12 Florence Reece, active in Harlan County, Ky. coal strikes and author of the famous labor song "Which Side Are You On," was born in 1900.

14 In 1939, John Steinbeck's The Grapes of Wrath was published. The novel of social protest dramatized the story of "Okies" -- workers who migrated from Oklahoma's dust bowl to the groves of California -- and experienced tremendous hardships and exploitation along the way.

15 A. Phillip Randolph, an African-American and one of the most influential trade unionists in the U.S. labor movement, was born in 1889. The organizer and president of the Brotherhood of Sleeping Car Porters, an all-black union, Randolph said: "The essence of trade unionism is uplift. The labor movement traditionally has been the haven for the dispossessed, the despised, the neglected, the downtrodden, and the poor."

20 In 1914, company gunmen attacked a tent colony of striking miners and their families in Colorado, setting it ablaze and killing 26 men, women and children in what is remembered as the Ludlow Massacre.
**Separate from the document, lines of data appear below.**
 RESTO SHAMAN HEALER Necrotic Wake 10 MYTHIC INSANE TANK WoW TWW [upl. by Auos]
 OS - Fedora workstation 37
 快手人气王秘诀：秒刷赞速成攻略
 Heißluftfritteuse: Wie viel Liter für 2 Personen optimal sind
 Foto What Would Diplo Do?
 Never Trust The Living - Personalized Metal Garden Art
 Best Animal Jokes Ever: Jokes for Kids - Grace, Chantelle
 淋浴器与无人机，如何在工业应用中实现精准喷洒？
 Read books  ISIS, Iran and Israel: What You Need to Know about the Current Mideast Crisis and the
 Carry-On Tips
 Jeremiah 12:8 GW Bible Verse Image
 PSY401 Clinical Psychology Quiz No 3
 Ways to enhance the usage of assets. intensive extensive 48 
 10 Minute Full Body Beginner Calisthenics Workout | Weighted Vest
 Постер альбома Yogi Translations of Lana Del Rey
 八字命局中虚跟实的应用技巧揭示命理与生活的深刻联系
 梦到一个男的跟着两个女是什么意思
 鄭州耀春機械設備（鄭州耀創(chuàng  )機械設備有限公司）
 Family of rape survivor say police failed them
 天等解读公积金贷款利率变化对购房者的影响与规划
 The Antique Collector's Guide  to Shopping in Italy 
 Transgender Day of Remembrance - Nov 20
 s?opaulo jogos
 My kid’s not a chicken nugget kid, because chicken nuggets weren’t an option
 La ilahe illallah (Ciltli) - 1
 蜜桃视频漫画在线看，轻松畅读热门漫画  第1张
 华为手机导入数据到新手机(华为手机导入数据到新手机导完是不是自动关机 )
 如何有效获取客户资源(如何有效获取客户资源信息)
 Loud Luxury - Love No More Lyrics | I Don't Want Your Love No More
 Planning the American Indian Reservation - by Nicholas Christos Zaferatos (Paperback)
27 James Oppenheim's poem, "Bread and Roses," was published in Industrial Solidarity in 1946. "Our lives shall not be sweated/from birth until life closes/hearts starve as well as bodies; give/ us bread, but give us roses," the poem reads. It was penned after Oppenheim saw a sign held by young mill girls picketing in the 1912 strike against woolen companies in Lawrence, Mass.